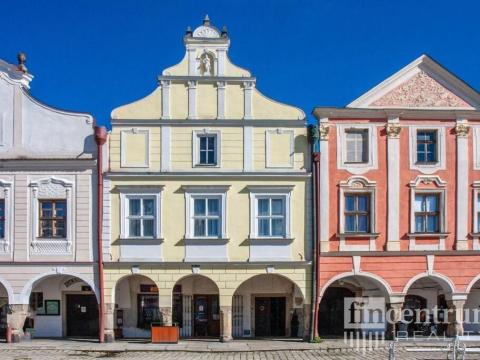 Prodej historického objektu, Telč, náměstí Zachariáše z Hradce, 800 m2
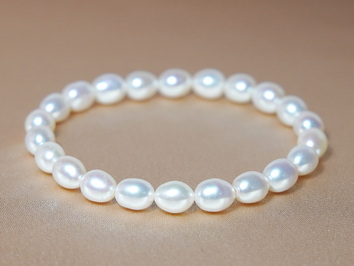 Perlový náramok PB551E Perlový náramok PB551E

______

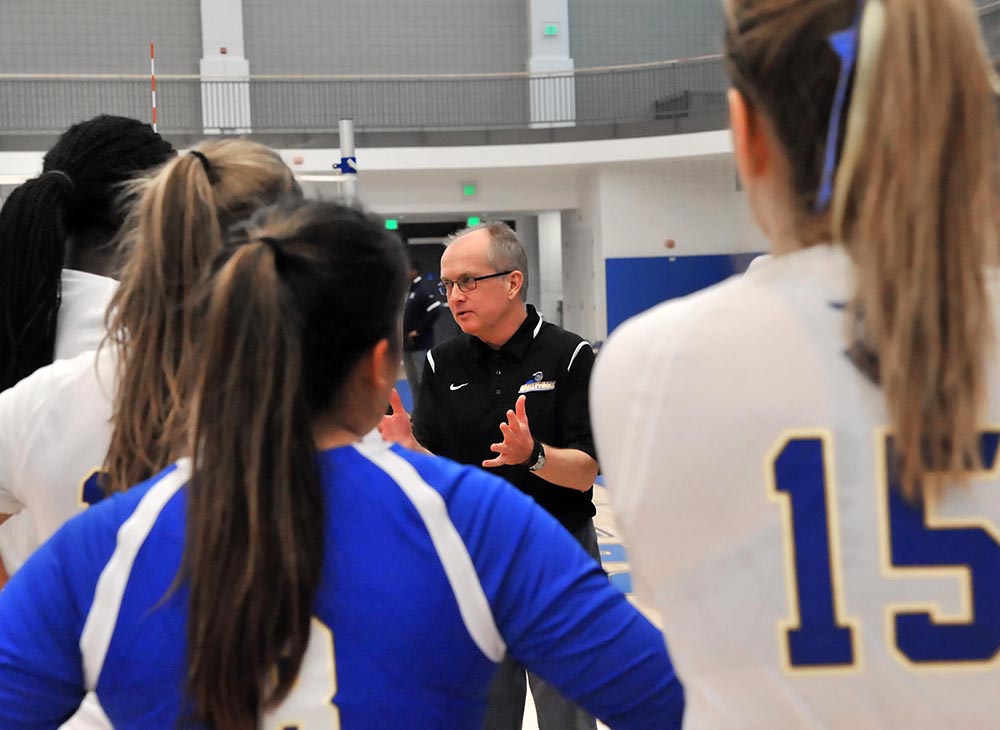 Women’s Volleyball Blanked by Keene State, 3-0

______

GOAL OF THE EXERCISE: Would you write out exactly the lines above, starting at the line containing "Prodej historického objektu, Telč, náměstí" and stopping after the line containing "Perlový náramok PB551E Perlový"? Omit the pictures.

ANSWER SPACE:
 Prodej historického objektu, Telč, náměstí Zachariáše z Hradce, 800 m2
 Perlový náramok PB551E Perlový náramok PB551E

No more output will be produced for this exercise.